> [Your task]: Starting at the top of the listing, extract every line up to and including the one with "Danilo hace guardia". Pictures stay out of the copy.

> [Task material]:
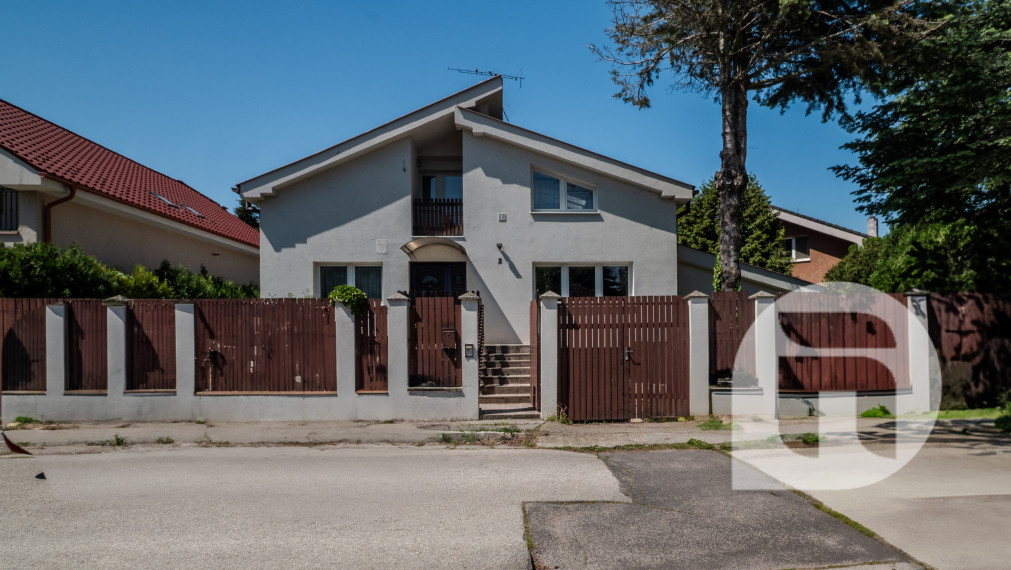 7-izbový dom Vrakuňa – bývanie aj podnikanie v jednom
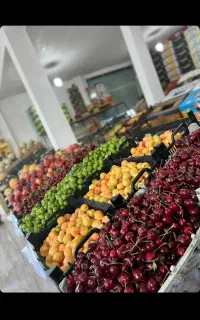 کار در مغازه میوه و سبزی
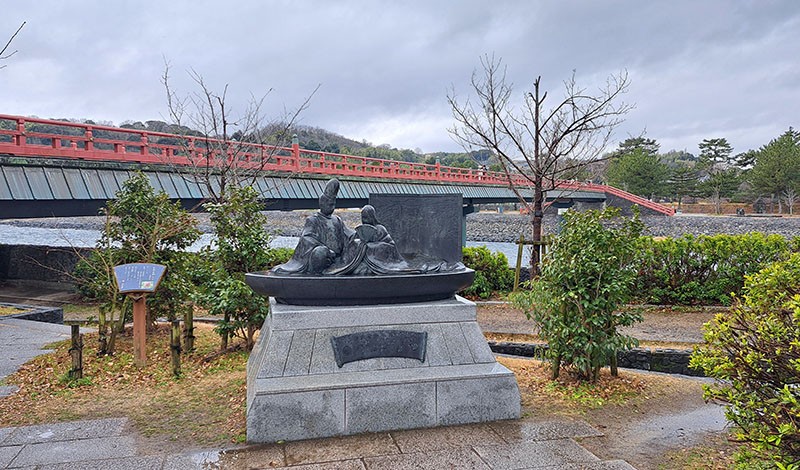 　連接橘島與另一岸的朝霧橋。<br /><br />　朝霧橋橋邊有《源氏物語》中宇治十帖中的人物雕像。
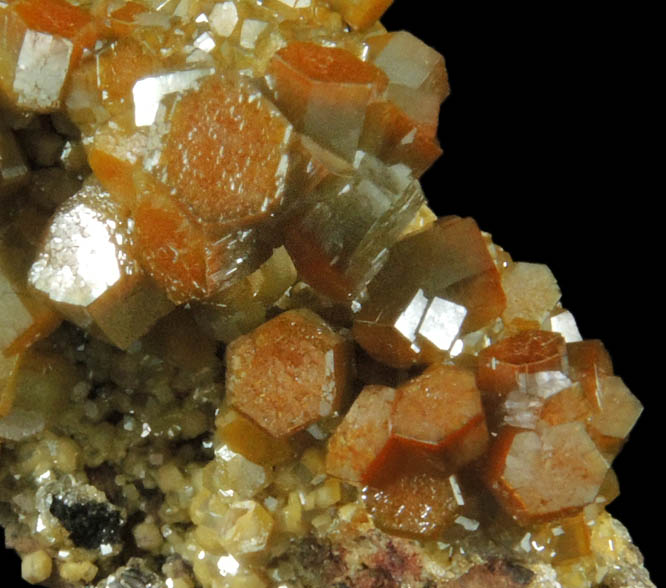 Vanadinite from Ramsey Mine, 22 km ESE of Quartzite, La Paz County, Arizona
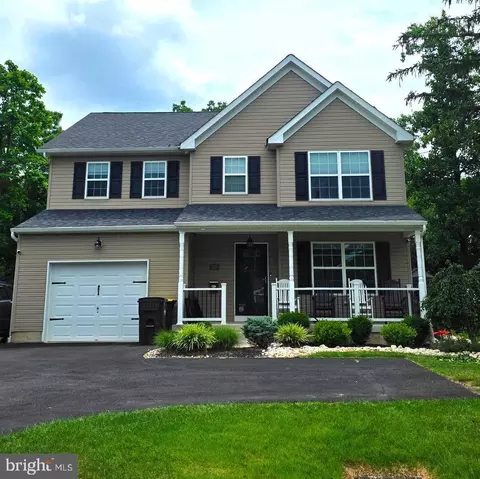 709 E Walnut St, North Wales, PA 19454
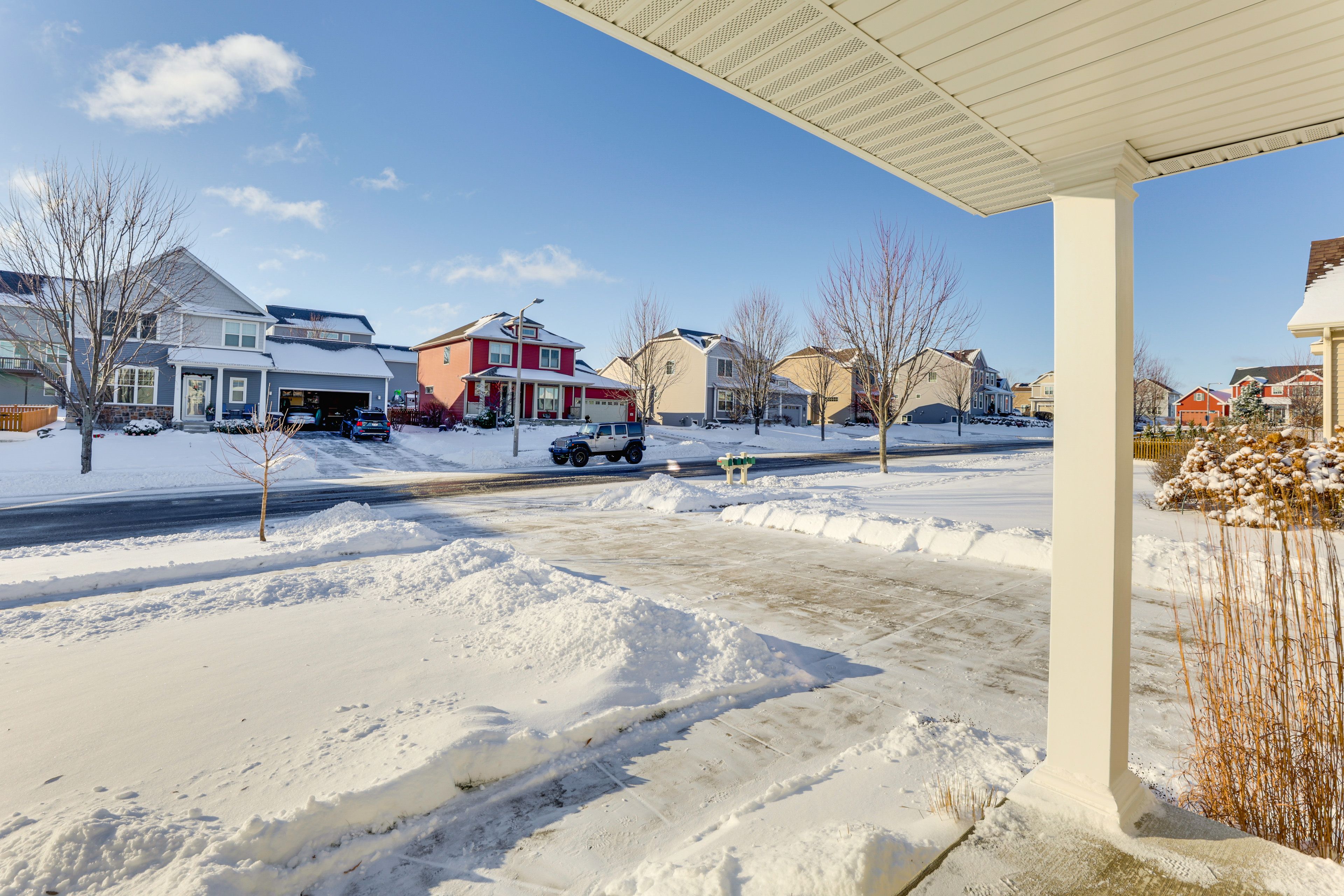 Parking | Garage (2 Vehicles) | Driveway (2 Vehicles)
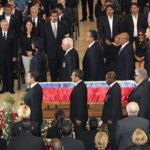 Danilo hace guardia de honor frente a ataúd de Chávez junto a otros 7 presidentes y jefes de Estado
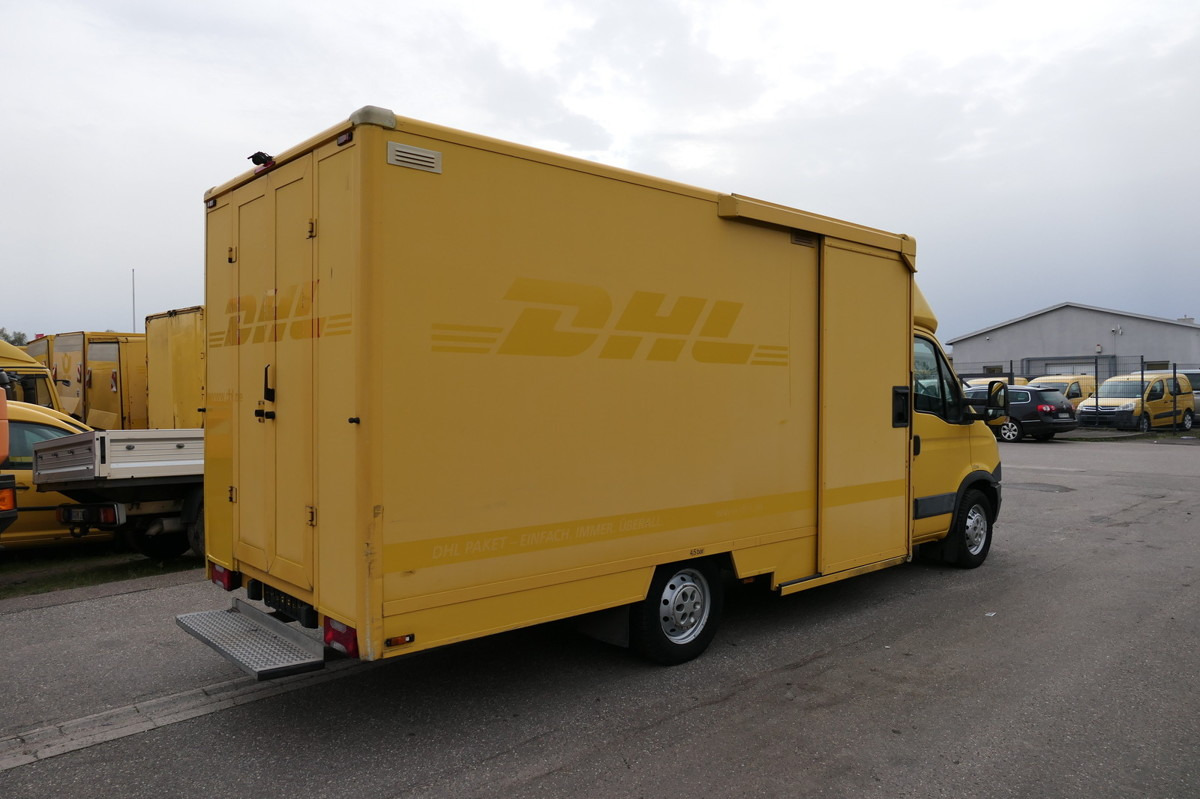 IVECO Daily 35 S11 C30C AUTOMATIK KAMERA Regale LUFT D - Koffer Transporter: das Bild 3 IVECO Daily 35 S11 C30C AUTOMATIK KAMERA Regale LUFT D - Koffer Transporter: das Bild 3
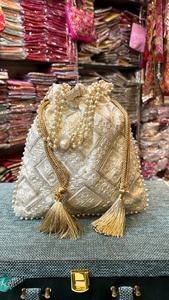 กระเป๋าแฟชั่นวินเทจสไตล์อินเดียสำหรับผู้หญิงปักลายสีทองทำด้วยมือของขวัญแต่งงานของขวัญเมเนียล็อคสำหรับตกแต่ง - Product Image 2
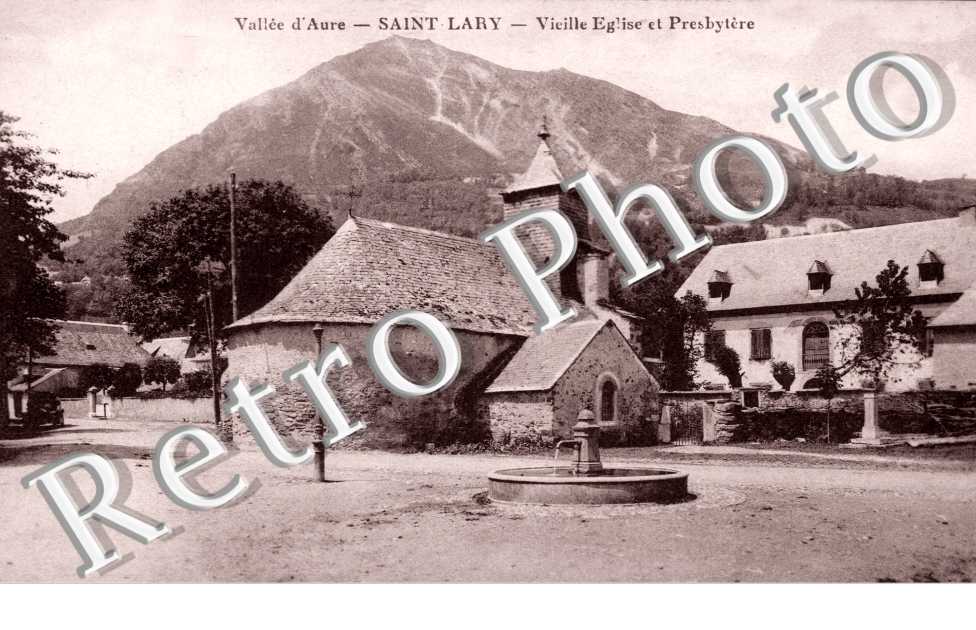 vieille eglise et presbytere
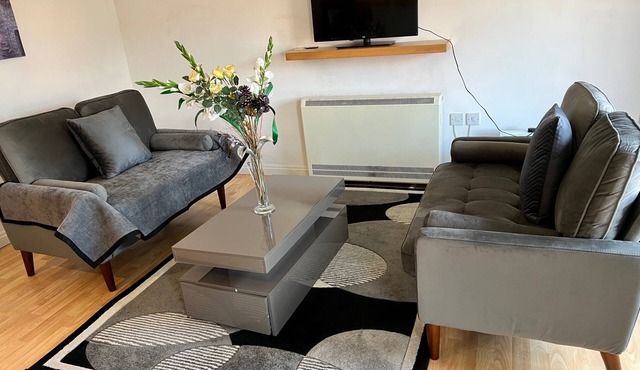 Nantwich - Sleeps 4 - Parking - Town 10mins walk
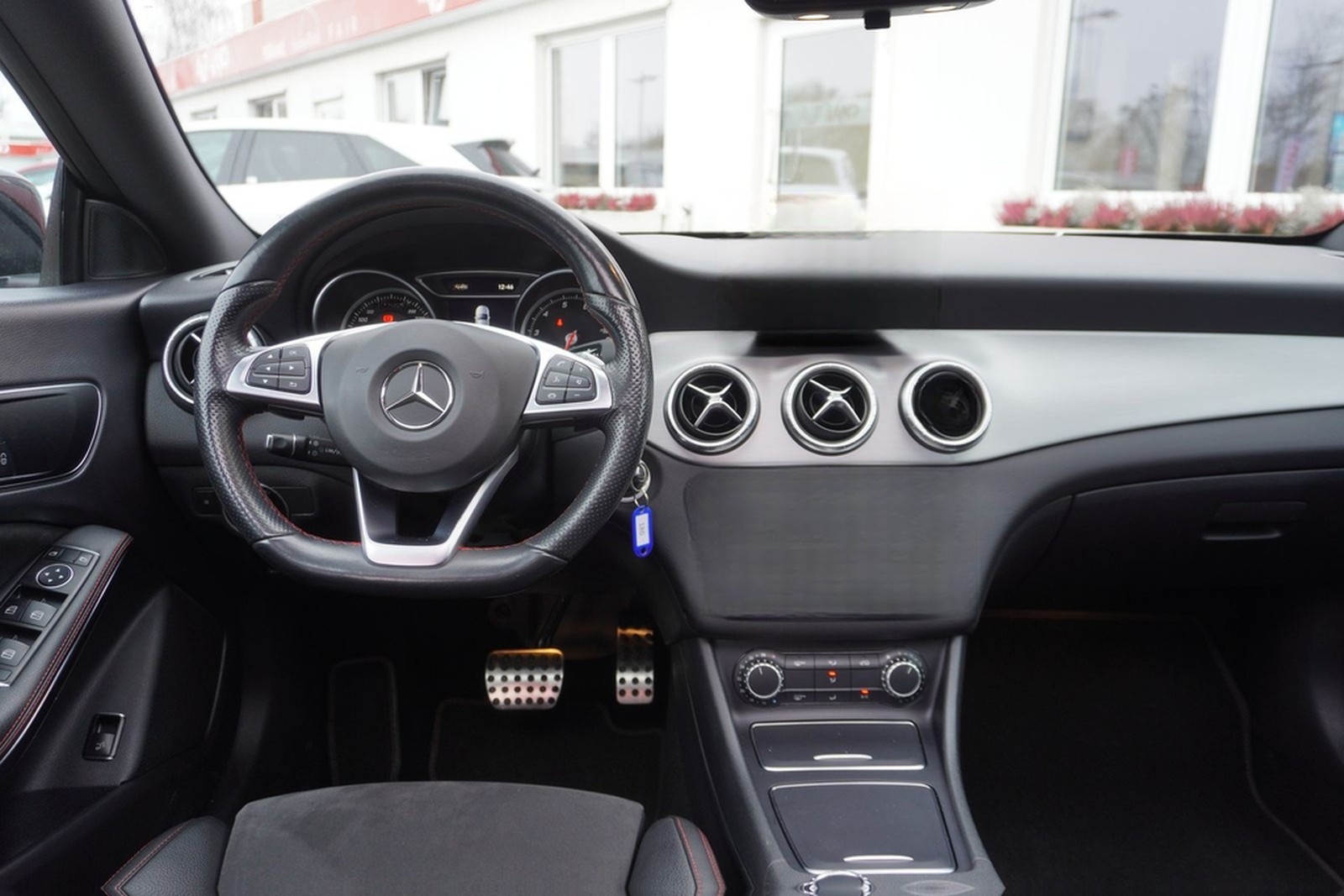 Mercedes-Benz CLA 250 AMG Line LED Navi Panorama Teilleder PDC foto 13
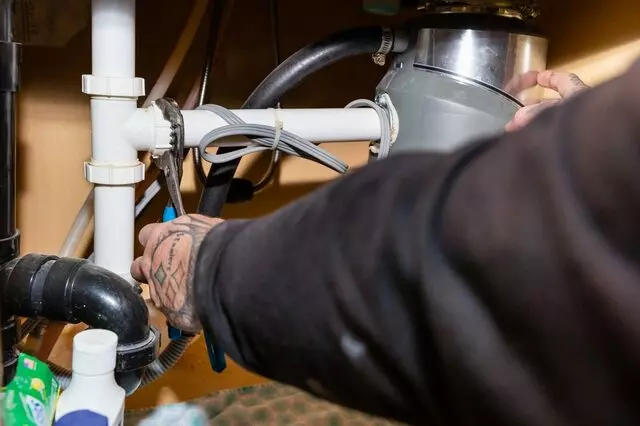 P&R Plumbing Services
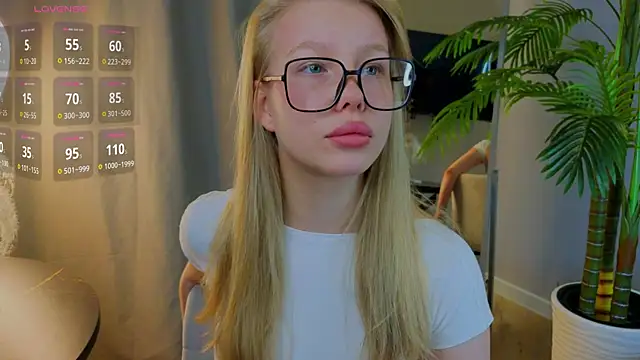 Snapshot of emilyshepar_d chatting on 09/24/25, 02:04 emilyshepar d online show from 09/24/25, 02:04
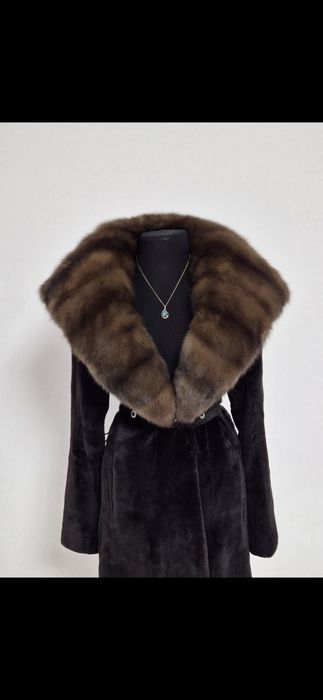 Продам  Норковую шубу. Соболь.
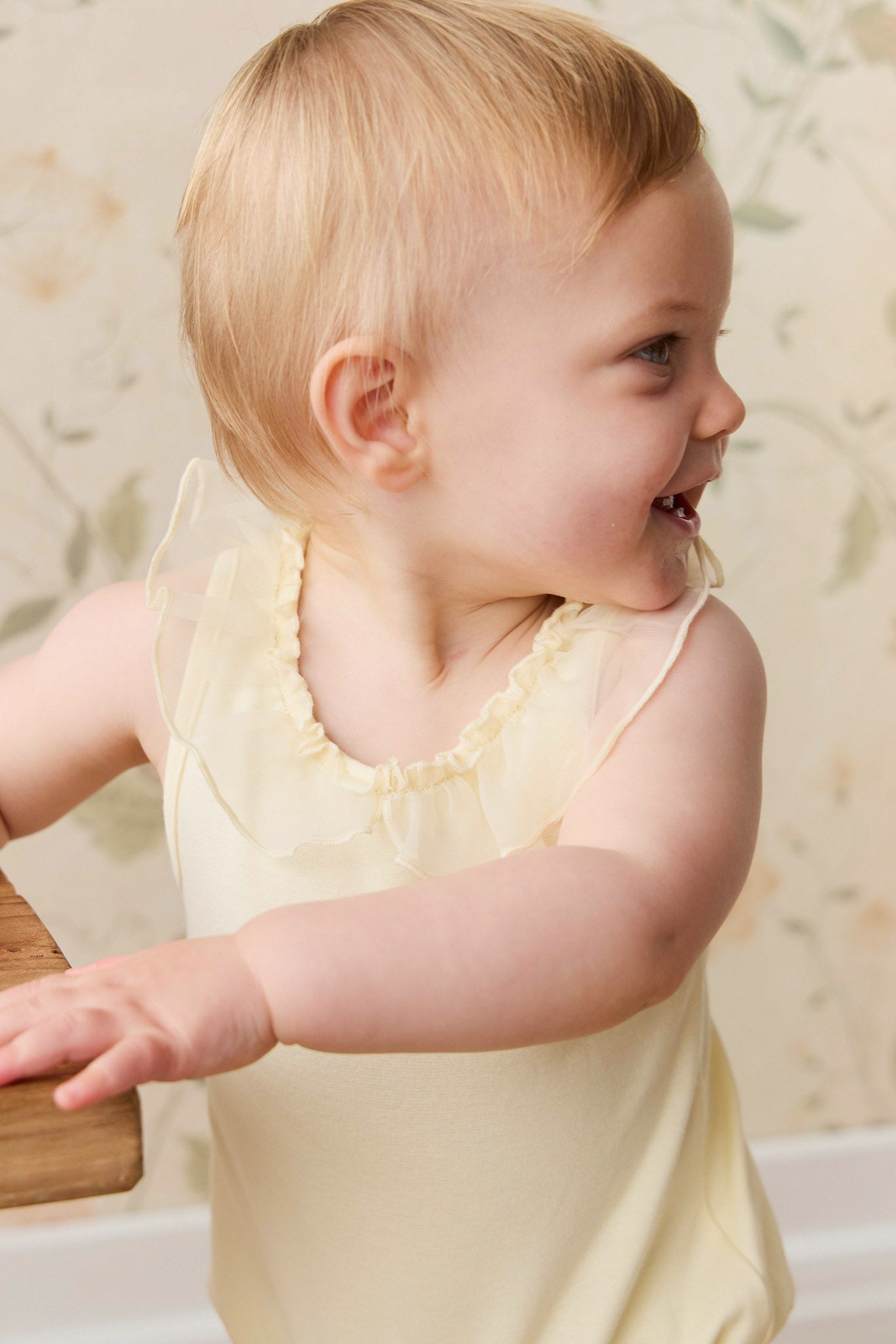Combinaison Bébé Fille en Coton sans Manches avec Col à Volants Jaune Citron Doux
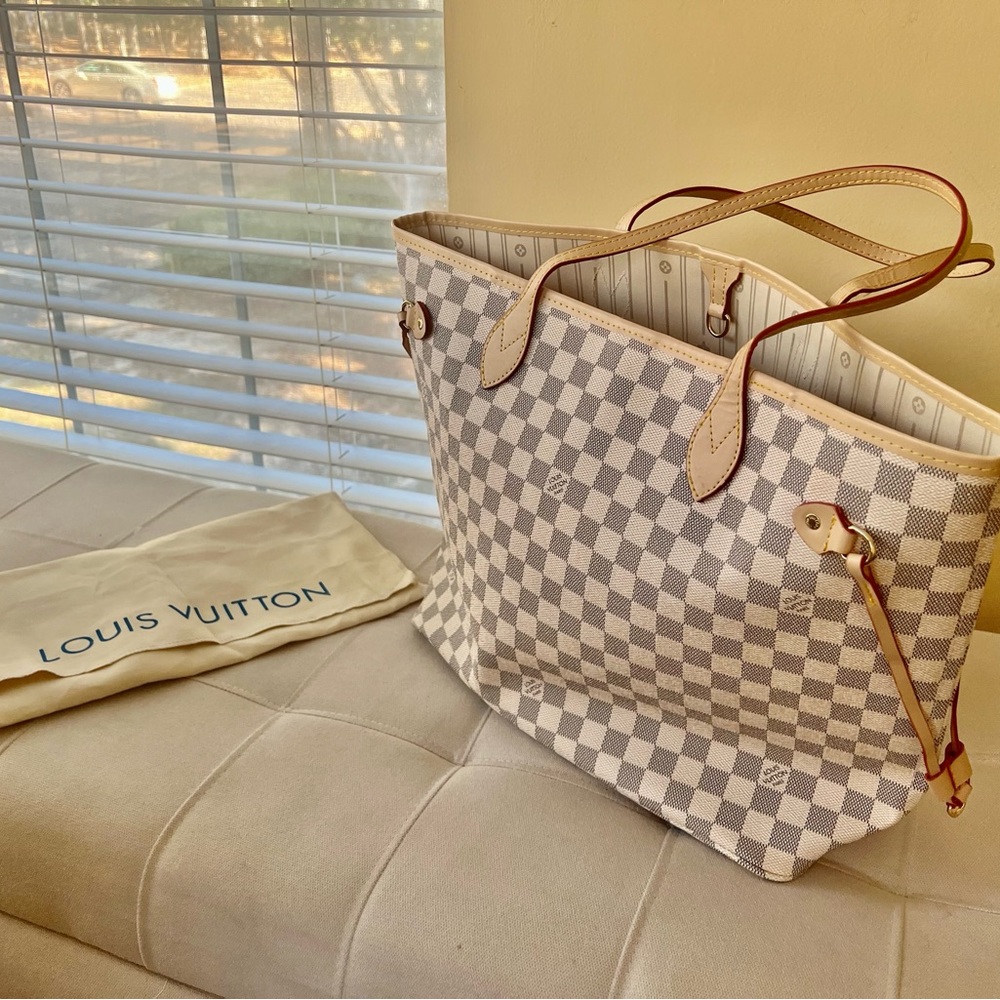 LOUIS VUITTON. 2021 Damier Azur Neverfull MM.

> [Solution for this task]:
 7-izbový dom Vrakuňa – bývanie aj podnikanie v jednom
 کار در مغازه میوه و سبزی
 　連接橘島與另一岸的朝霧橋。<br /><br />　朝霧橋橋邊有《源氏物語》中宇治十帖中的人物雕像。
 Vanadinite from Ramsey Mine, 22 km ESE of Quartzite, La Paz County, Arizona
 709 E Walnut St, North Wales, PA 19454
 Parking | Garage (2 Vehicles) | Driveway (2 Vehicles)
 Danilo hace guardia de honor frente a ataúd de Chávez junto a otros 7 presidentes y jefes de Estado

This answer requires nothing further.